Il venait à peine de se lever qu’il reçut un message. Loïc ! Alexandre n’en revenait pas : après Vézelay, il n’avait plus eu aucune nouvelle de son ami. Alors oui, bien sûr, depuis le début de toute cette histoire, depuis leur premier échange au sujet du colis, se mettre aux abonnés absents puis réapparaître numériquement au moment opportun, Loïc n’avait fait que ça, et cela n’avait jamais dérangé Alexandre, mais cette fois, c’était différent. Au plus fort de ses craintes, Alexandre avait écrit beaucoup de messages à son ami, avait essayé de l’appeler, l’avait averti de son arrivée au Puy-en-Velay, mais Loïc n’avait jamais daigné répondre, et là, à cet instant précis, il lui adressait un simple : « Bon, le Puy-en-Velay, c’est fait. Maintenant, il faut que tu ailles à Arles. » Alexandre préféra ignorer ce message et monter vers le gîte.

D’abord, il découvrit ce sentiment de privilège qu’éprouvent même les âmes les moins matinales en observant les premiers battements de paupières d’une ville au réveil, puis, rue après rue, il commença à comprendre que le Puy aussi se réveillait d’un mauvais sommeil : sur le trottoir, près de la porte forcée d’une maison abandonnée, il remarqua une tache de sang ; une lumière bleue intermittente disputait les façades et les toits de la vieille ville à l’ocre du soleil naissant : partout des gyrophares fébriles affolaient les rues.

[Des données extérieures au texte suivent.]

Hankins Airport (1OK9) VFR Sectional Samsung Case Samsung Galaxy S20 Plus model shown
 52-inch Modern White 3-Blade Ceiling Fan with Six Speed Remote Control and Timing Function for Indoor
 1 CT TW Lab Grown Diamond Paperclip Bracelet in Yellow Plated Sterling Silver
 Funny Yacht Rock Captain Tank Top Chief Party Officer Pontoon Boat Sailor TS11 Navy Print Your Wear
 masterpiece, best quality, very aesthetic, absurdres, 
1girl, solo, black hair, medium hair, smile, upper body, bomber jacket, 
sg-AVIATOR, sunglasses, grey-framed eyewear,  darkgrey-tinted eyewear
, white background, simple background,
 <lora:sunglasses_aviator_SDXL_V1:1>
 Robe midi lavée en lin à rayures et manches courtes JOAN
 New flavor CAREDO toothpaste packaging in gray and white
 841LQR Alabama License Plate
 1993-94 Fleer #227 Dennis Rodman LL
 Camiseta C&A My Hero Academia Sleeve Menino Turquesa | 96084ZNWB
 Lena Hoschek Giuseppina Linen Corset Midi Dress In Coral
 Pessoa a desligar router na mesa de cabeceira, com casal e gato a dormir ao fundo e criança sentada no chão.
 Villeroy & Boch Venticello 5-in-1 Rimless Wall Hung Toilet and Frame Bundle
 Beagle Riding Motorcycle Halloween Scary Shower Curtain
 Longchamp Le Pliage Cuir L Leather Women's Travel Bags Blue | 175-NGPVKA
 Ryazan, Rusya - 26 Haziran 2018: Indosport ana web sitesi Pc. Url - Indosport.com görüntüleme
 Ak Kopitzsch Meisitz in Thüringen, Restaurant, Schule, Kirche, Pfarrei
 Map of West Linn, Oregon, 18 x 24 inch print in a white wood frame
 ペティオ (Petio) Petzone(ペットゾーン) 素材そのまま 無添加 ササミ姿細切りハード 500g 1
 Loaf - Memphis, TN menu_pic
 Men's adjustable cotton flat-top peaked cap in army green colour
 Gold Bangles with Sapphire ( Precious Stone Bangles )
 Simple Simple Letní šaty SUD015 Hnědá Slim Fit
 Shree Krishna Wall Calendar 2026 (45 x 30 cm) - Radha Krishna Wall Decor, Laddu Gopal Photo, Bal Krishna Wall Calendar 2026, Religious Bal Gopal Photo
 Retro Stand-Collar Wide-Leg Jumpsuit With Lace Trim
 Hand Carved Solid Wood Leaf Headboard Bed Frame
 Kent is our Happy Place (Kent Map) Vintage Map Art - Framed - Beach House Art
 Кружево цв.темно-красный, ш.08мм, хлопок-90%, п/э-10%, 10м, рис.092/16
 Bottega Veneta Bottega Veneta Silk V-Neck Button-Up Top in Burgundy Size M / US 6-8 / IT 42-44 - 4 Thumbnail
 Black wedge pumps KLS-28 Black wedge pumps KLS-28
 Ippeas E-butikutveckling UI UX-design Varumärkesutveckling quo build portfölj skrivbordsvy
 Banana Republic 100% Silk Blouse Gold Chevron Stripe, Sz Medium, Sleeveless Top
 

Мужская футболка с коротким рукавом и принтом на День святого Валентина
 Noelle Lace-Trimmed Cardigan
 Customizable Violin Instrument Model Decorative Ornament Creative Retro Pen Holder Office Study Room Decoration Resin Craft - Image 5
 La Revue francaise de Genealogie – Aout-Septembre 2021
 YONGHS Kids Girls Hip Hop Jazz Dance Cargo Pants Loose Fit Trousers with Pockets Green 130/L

Alexandre voulut emprunter la montée du Cloître, une ruelle en escalier menant à la place du For, mais des rubans de police en interdisaient l’accès. Il poussa alors jusqu’à la rue Saint-Georges, qui le conduisit jusqu’à la rue abritant son gîte, la rue Saint-Mayol. Là, il éprouva une certaine appréhension en apercevant une voiture de police garée devant le lieu où se trouvaient presque toutes ses affaires. Son portefeuille et son portable étaient tout ce qu’il avait gardé sur lui. D’ailleurs, il reçut un nouveau message de Loïc, rien d’autre que « ???? ». Il préféra de nouveau ignorer son ami, rangea son téléphone, puis entrebâilla prudemment la porte du gîte. Une discussion était en cours. Avant d’avancer davantage, Alexandre voulut savoir de quoi il retournait, alors il s’immobilisa et laissa traîner une oreille.

« Mais toi, tu en penses quoi, du témoignage de ce Martin ? Parce que le gars a quand même été pas mal amoché, alors quand il nous dit avoir vu le visage du tueur, ok, pourquoi pas, mais quand il nous dit avoir reconnu un pèlerin lillois rencontré à Vézelay, moi, je suis sceptique. Dans l’état où il était, il nous a simplement balancé le premier nom auquel il a pensé.
     — Écoute, moi aussi, j’aurais aimé que notre piste principale soit confirmée, que ce Vincent qui a agressé le prêtre en public à Vézelay soit notre coupable, mais on a un témoin, mieux même, une victime qui a survécu, alors on va vérifier la piste qu’il nous a donnée et essayer de trouver ce type, cet Alexandre qu’il dit avoir reconnu.
     — Désolé pour l’attente, messieurs. Mais il semblerait que ce n’ait pas été vain : hier, nous avons bien accueilli un homme qui pourrait être celui que vous cherchez. En revanche, il n’a pas dormi ici. Il est sorti aussitôt après avoir déposé ses affaires dans sa chambre et n’est jamais réapparu.
     — Montrez-nous ce qu’il a laissé.
     — Très bien, suivez-moi.

Les voix s’éloignèrent, leurs mots devinrent incompréhensibles puis rapidement inaudibles. Comme un animal près d’être pris au piège, Alexandre devait choisir entre la fuite ou la ruade. Il voulut se défendre, se jeter à leur suite, leur hurler qu’il n’avait rien fait d’autre que dormir cette nuit – de quoi Martin avait-il bien pu l’accuser ? bien sûr qu’il se trompait ! –, mais bouffé par l’angoisse, il ne sut que fuir.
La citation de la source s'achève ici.